The records
= = = = =
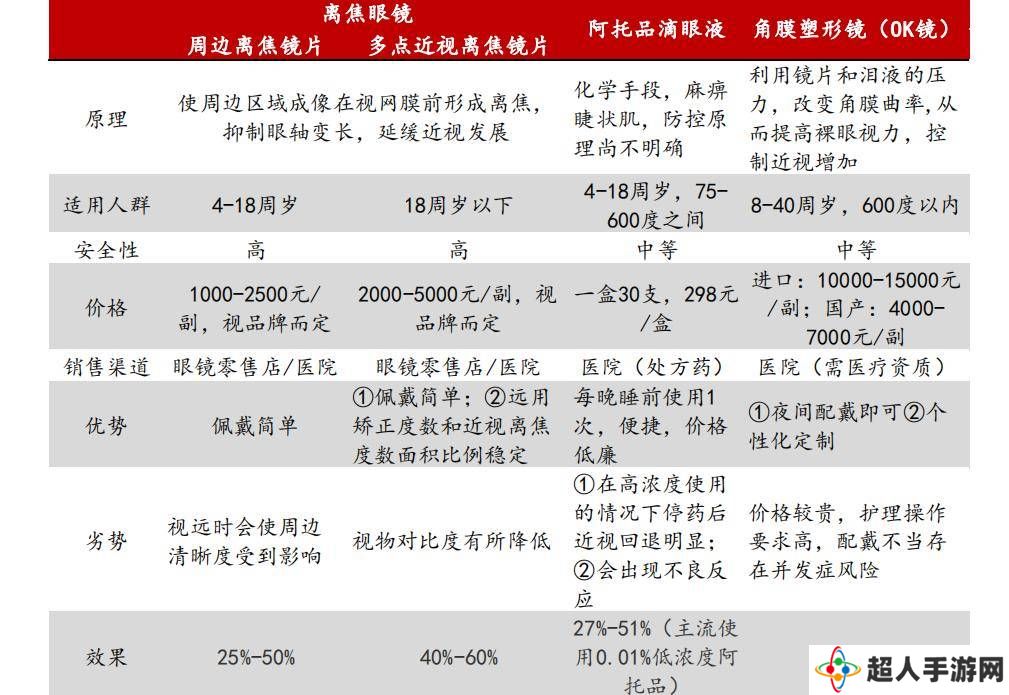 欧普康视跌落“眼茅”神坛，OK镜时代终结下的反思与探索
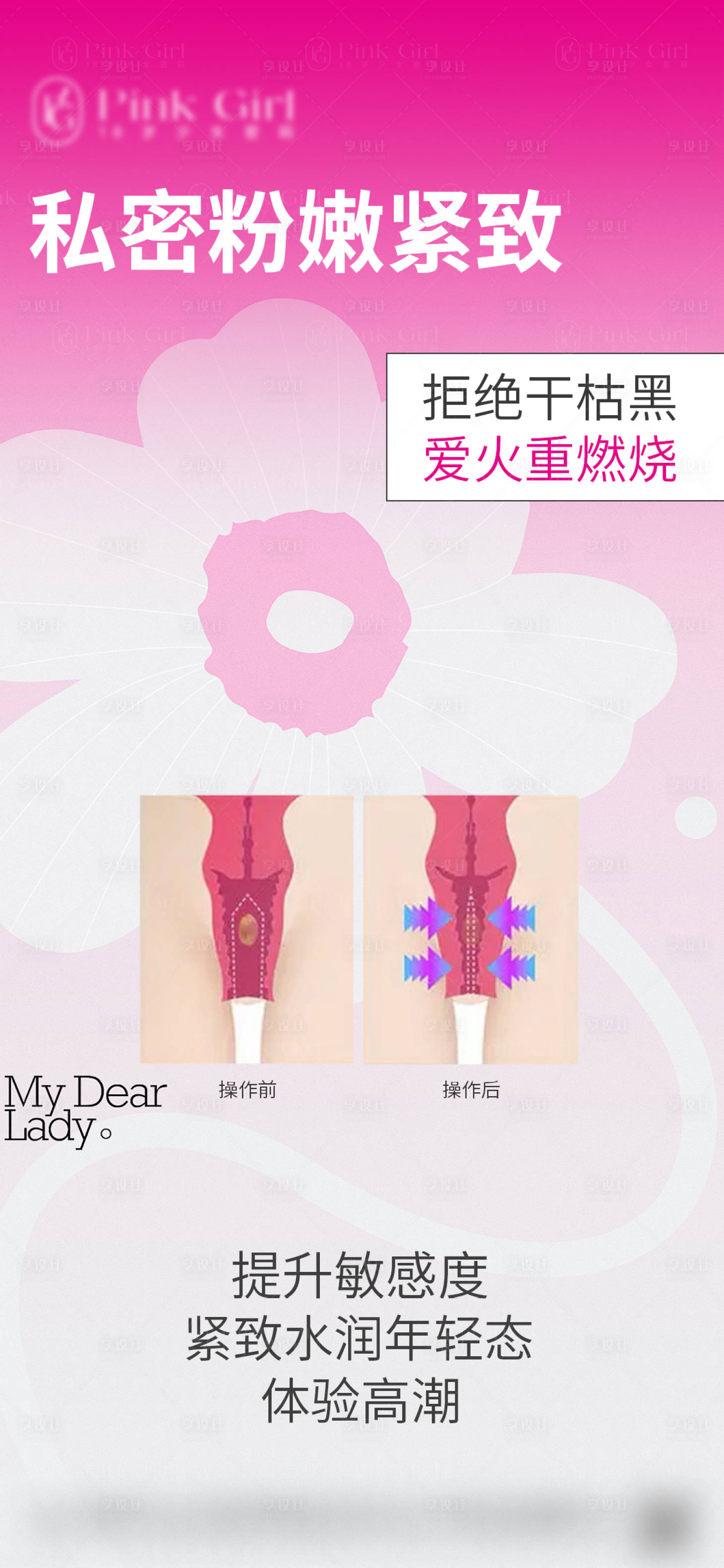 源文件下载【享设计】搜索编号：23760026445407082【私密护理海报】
= = = = =
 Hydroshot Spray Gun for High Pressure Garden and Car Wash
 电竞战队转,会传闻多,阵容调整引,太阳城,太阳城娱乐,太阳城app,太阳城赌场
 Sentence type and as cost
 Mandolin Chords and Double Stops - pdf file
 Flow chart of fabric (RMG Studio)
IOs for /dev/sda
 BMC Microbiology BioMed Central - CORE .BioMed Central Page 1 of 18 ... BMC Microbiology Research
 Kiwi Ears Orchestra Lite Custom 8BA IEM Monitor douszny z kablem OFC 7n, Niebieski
= = = = =
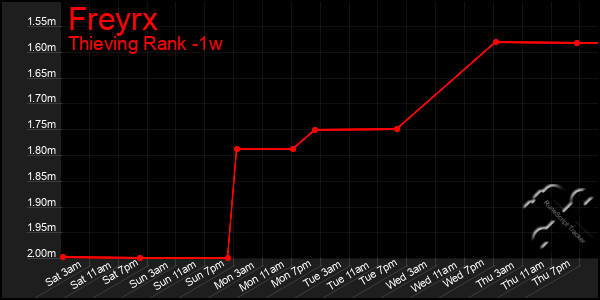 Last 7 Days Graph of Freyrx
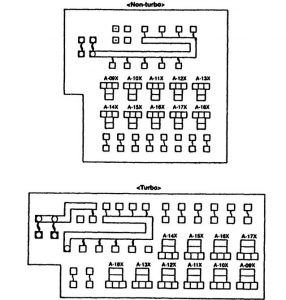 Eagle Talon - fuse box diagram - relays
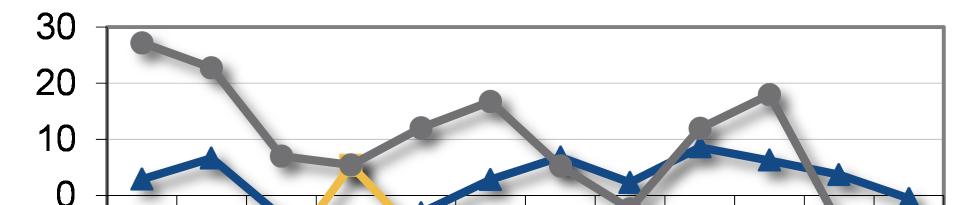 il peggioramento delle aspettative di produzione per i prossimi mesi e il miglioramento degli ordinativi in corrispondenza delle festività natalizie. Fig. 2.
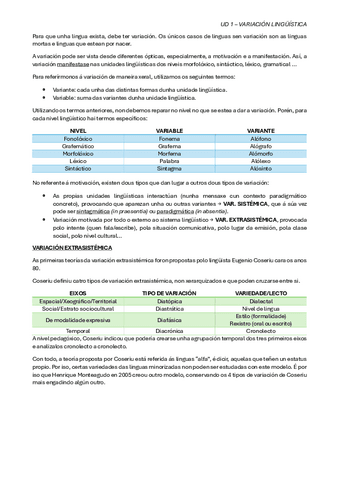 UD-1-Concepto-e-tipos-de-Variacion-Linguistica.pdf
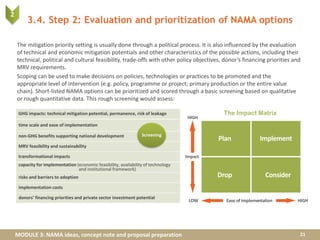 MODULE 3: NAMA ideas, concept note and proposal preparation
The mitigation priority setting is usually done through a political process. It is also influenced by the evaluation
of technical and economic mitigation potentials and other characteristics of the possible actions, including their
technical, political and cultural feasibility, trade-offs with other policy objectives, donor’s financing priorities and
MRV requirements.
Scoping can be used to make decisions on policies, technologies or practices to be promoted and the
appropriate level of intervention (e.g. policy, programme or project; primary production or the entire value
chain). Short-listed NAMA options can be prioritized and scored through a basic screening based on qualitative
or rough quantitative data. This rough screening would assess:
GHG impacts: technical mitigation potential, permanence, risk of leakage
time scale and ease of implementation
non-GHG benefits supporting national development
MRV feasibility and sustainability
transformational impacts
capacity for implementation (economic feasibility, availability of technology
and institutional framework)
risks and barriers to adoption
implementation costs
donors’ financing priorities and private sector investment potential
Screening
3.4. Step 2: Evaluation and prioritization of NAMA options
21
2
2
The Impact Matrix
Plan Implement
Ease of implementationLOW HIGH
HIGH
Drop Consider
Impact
= = = = =
What is being asked
Show every line above in which the word "through" is found.

Reply
The mitigation priority setting is usually done through a political process. It is also influenced by the evaluation
chain). Short-listed NAMA options can be prioritized and scored through a basic screening based on qualitative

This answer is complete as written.